シンポジウムのタイトル「自由な自己の道を歩いて行こう」について

  9月24日(日)開催の伊藤野枝・大杉栄らの没後100年記念シンポジウムのタイトル「自由な自己の道を歩いて行こう」は、以下の文章から採用しています。

 発表されたのは、1912年の『青鞜』12月号(第2巻第12号)。

 文章のタイトルは「日記より」。伊藤野枝が弱冠17歳の時の文章で、おそらくは、自分の体験をベースにしたであろう、と考えられる、短編小説であり創作です。

 文章は、現在の基準から見れば、他者を傷つける差別的な言葉が使われていますが、森まゆみ編『伊藤野枝集』(岩波文庫、2019年)の16-17ページに記載されている文章の一部ですので、そのまま掲載します。太字の部分が、シンポジウムのタイトルとして採用した言葉です。
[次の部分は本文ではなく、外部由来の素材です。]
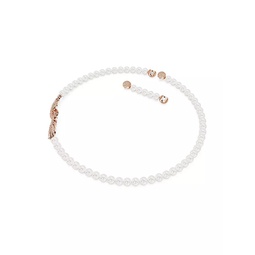 Nice Rose Goldtone & Crystal Pearl Feather Necklace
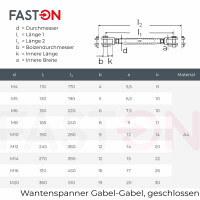 Wantenspanner M4 Gabel/Gabel geschwei&szlig;t, geschlossen, Edelstahl A4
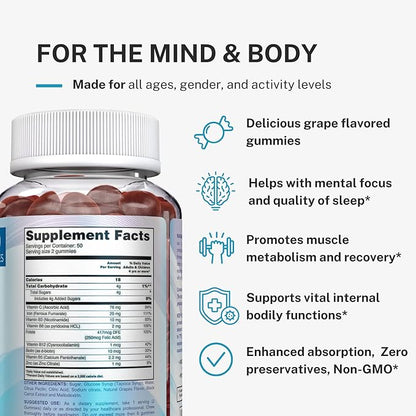 Iron Gummies for Women, Men & Kids - Iron Supplement with Vitamin C, A, Vitamins B Complex, Biotin & Zinc - Multivitamin Chewable Iron Gummies for Adults - Alternative to Iron Pills, Capsules, Tablets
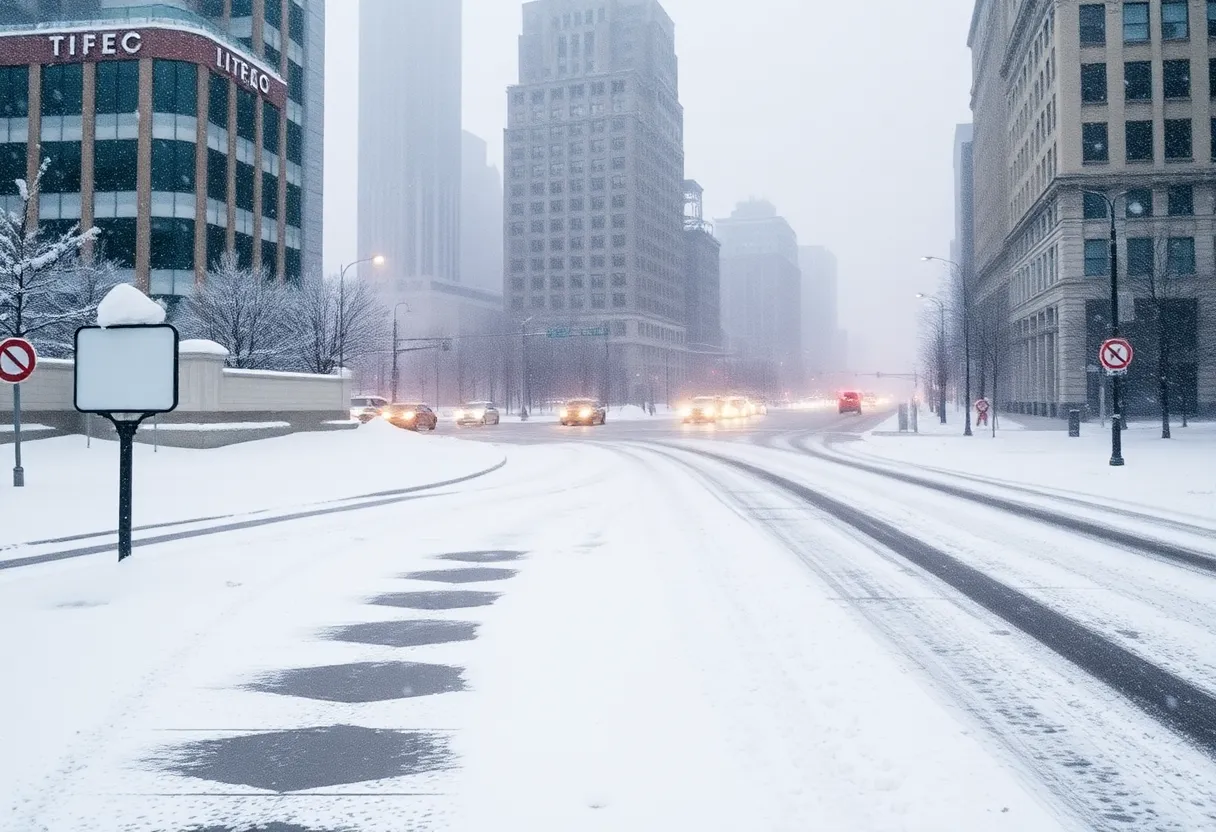 Snow and strong winds in Detroit during a winter storm
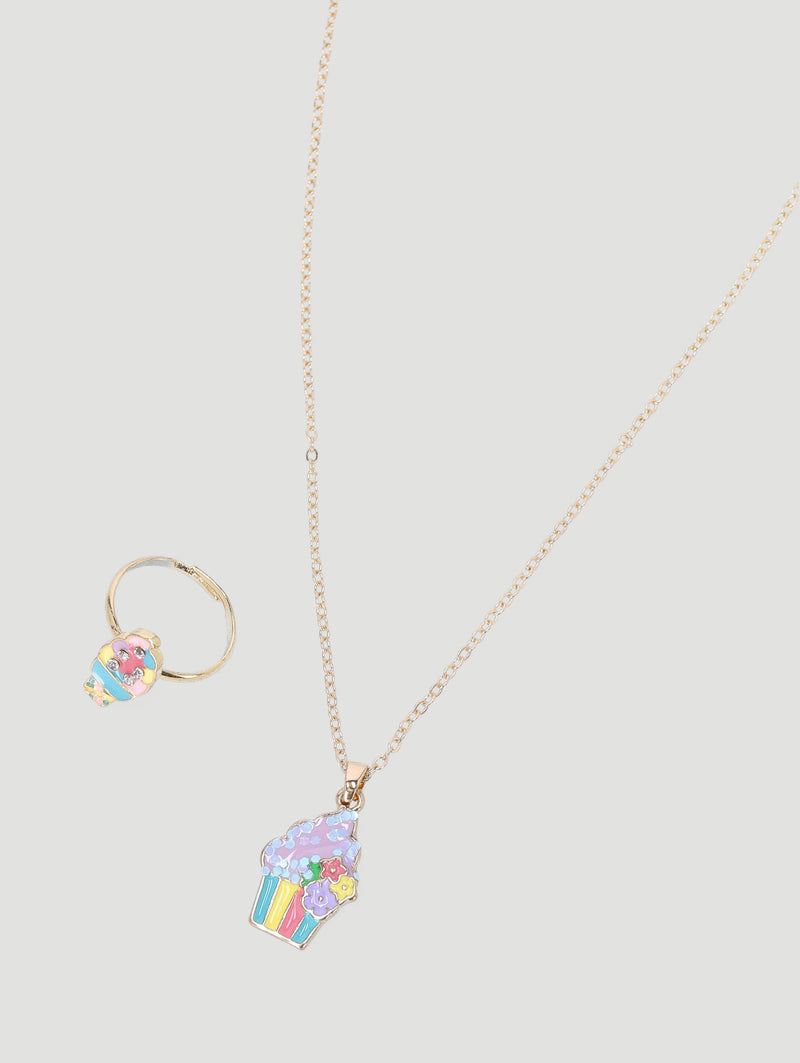 Pre-Girls Cupcake Necklace Set - Gold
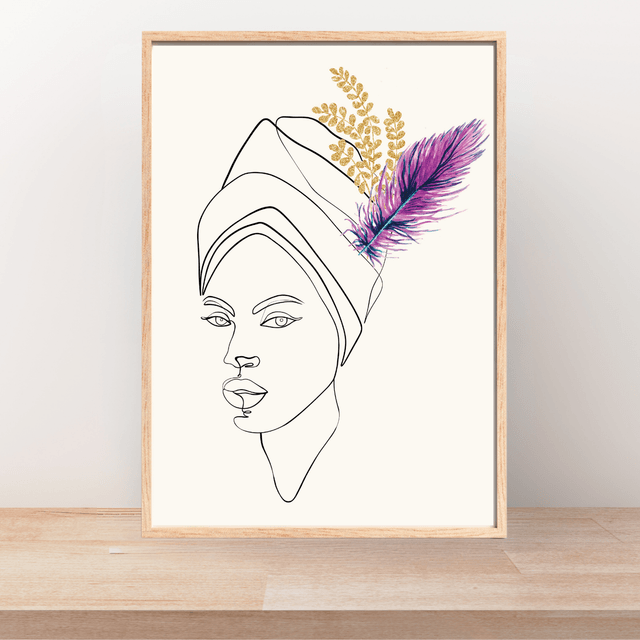 Impression d'Art en Ligne avec Plume Violette et Tiges Florales Dorées / Elegant Femme: Line Art Print with Purple Feather and Gold Floral Accents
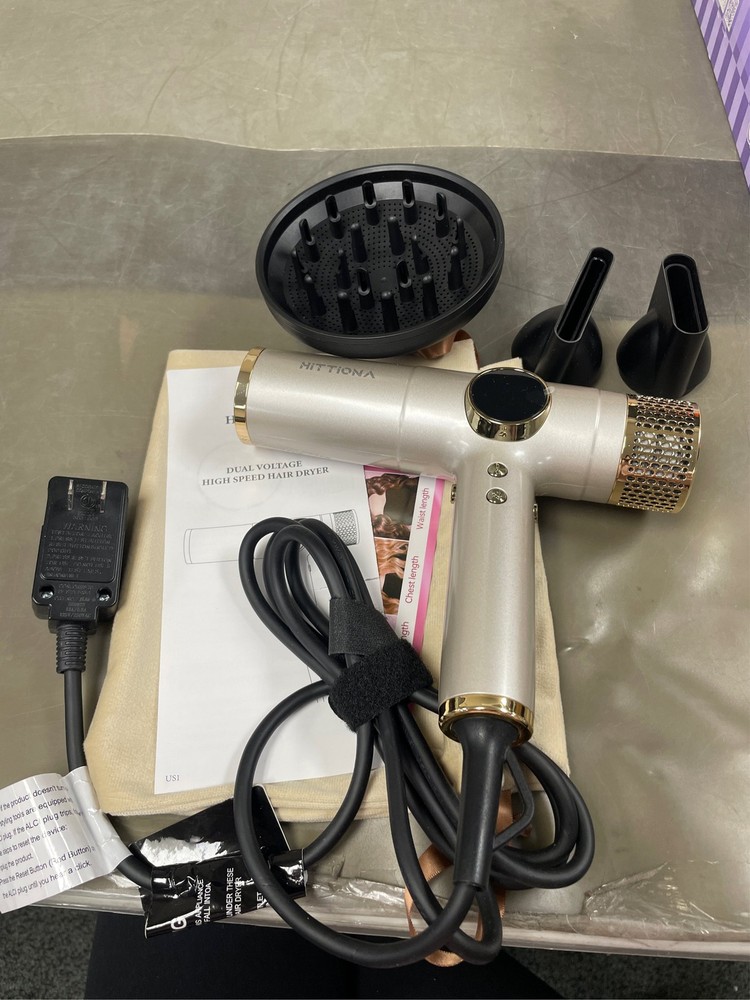 Dual Voltage Travel Hair Dryer with Diffuser - 2000W High-Speed Ionic Diffuser H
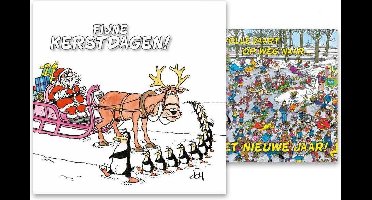 Kaarten - Kerst - Jan van Haasteren - Pinguin oversteek & volle vaart - 10st.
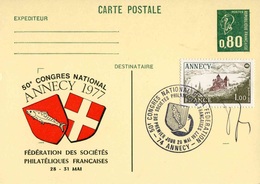 Entier Postal De 1976 Sur CP Avec Timbre "0,80 Marianne De Béquet" Et Repiquage Commémoratif - Bijgewerkte Postkaarten  (voor 1995)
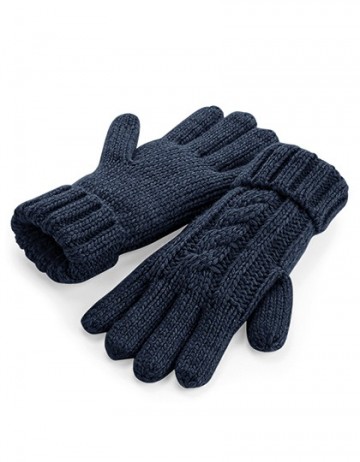 Beechfield Cable Knit Melange Gloves B497 marineblauw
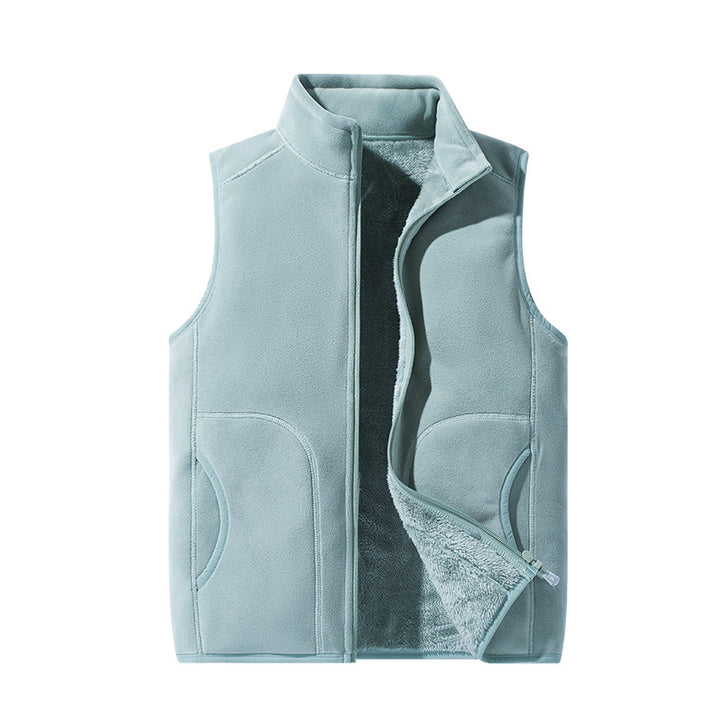 Women's lightweight microfleece vest with full zip, high collar, and soft teddy lining Mune Fashion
  「我儘と言えば私のこの頃の激しいわがままは自分でもはっきり分かっていながら制する事が出来ない。・・・・ 私は今日までかなり、真面目に、熱心に、少しでも、私を愛してくれる父や母に、周囲の人に、本当に私を理解してほしいと思って苦しい努力を試みた。しかしそれはみんな、無駄な努力だと知れた。私と、両親との間は、あまりに遠すぎる。私が、真面目に私の本体を臆面なく、人々の前に、さらけ出そうとすれば、父も、母もみんな、目を覆って、見ようとはしない。そして、私は、わざわざ、醜くい本体を人前にさらし、間違った道を歩いて行く馬鹿者だ。世間知らずだと、ばかり罵られる。真面目な私の苦悶は、それにつれて動く感情のうつりかわりの激しさに、気狂いと冷やかな笑を浴びせられるばかりだ。
 十重二十重に縛められた因習の縄を切って自由な自己の道を歩いて行こうとする私は、因習に生きている。両親やその他の人々の目からは、常軌を逸した、危険極まる、道を平気で行く気違いとしか、見えないだろう。世間並みの道から外れた者は、やはり、気違いか、馬鹿の仲間だろう。とうてい私など世間からは容れてもらえない人間だ。だけど、今になって、両親や周囲の者が狼狽して、もとの生地に直そうとする、注文が無理なのじゃないだろうか? 私は一度開いた目を閉じて、大勢の、めくらと一緒に生命のない、卑怯な馬鹿な生き方はしたくない(伊藤野枝「日記より」『伊藤野枝集』森まゆみ編、岩波文庫、2019年、16-17頁より。初出は『青鞜』1912年12月号、第2巻第12号)。